At first I checked the dimensions of all components and see if they will fit. Because none of the parts are original, it takes some puzzling to fit everything in the available space. The transmitter subchassis is about 100mm wide and that leaves about 140mm for the meter with the switches left and right of the meter. Sounds easy, but the meterbody (the part that goes through the frontpanel) is 57mm. The ceramic 3-position switch also measures about 57mm across its contacts, leaving 26mm for the 6-position meter switch. And that is not enough.
In the original, the switches are mounted partly behind the meter, what means the axis is very near the meter body, see original:
Front view of the transmitter. See how close the switches are to the meter.
And that is my first problem. The knobs are only 25mm long and asymmetrical: the mounting hole is at the end of the knob and not in the middle. I found some nice vintage bakelite knobs for the receiver and the position of the mounting hole was not critical there. But here it is, and I have t ofind a solution to that. I bought 5 vintage knobs at a fleemarket but they are way to large for this purpose:
Nice bakelite knob, large enough to switch on a nuclear plant.

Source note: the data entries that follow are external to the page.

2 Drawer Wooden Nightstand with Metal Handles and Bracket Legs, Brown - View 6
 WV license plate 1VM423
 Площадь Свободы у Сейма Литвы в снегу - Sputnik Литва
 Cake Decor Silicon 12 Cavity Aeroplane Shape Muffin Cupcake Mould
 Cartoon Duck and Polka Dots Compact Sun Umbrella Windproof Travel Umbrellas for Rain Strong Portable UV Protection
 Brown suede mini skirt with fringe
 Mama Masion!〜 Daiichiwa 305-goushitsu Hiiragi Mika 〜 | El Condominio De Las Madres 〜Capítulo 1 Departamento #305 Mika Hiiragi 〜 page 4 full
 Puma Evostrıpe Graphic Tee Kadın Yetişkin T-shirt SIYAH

42mm is way to much. Since 25mm knobs will be very hard to obtain, I have to find another solution... First let's position all components on the front panel. Drawing:
Draft drawing of the front panel layout.
Not a very clear drawing, but it gives an idea. The ventilation slots at the upper right corner are still missing on the drawing. In the mean time, I found a grid tuning capacitor that looks very much like the original:
Grid tuning variable capacitor
Looks like the BFO-capacitor, but this one has two mounting holes in stead of a mounting nut around the axis. The thread looked like M3 but I should have known: the diameter of the spindle was not 6mm but 1/4" and of course the mounting hole thread was not metric. Again, my special bolts-and-nuts-stock provided two bolts, ex DB-9 connector, that fitted.
Now I have all the parts for the front panel, I can start working on the subchassis. In the original, the subchassis is mounted directly to the front panel. Probably both were less than 1mm thickness, but with 1.5mm printed circuit board and 1.5mm front panel, that will be too thick. So I used the same method als in the receiver: the subchassis is mounted with 5mm spacers, which leaves room for the mounting nuts and the key socket between chassis and front panel. Here also is a isolated support for the grid tuning capacitor, which is at the 500V level.
Subchassis front. The cut-away on the lower left is for the power supply cable.
After placing the sidewalls and painting the chassis, it looks like this:
Front view of the subchassis
Rear view of the subchassis
Notice that the left valve socket is mounted from above, not from underneath, just like the original. And the socket of the PA valve is mounted on a lowered platform. Why that was necessary is unknown to me. The metal 6L6 has a flange and that now levels with the chassis:
Rear view with 6L6 in place
The two supports on the right will be used for mounting the anode choke. You can see the lowered PA valve socket from underneath:
Bottom view, with some paint left...
I tried to figure out how the grid circuit of the PA tube was configured. Let's have a look at that part of the schematic:
Detail of the PA driving circuit.
That looks rather complicated, but that is because the resonance circuit consists of 6 switched parts. Simplified, it looks as follows:
Simplified driving circuit
That would be pretty easy, except for components L9, C10E and C30. The reason is clear to me: C10E lifts the resonance circuit from ground and C30 routes a bit of the anode-energy back to the input. That is called neutralization and compensates for the grid-anode capacitance, which can be considerable with these kind of valves, causing instability at higher frequencies. See the great explanation at this website. My problem is L9. According to my calculations it should either be less than about 500nH, or greater than 12,5uH. Otherwise it will resonate with the 220pF capacitor somewhere between 3MHz-15,5MHz where the transmitter has to operate.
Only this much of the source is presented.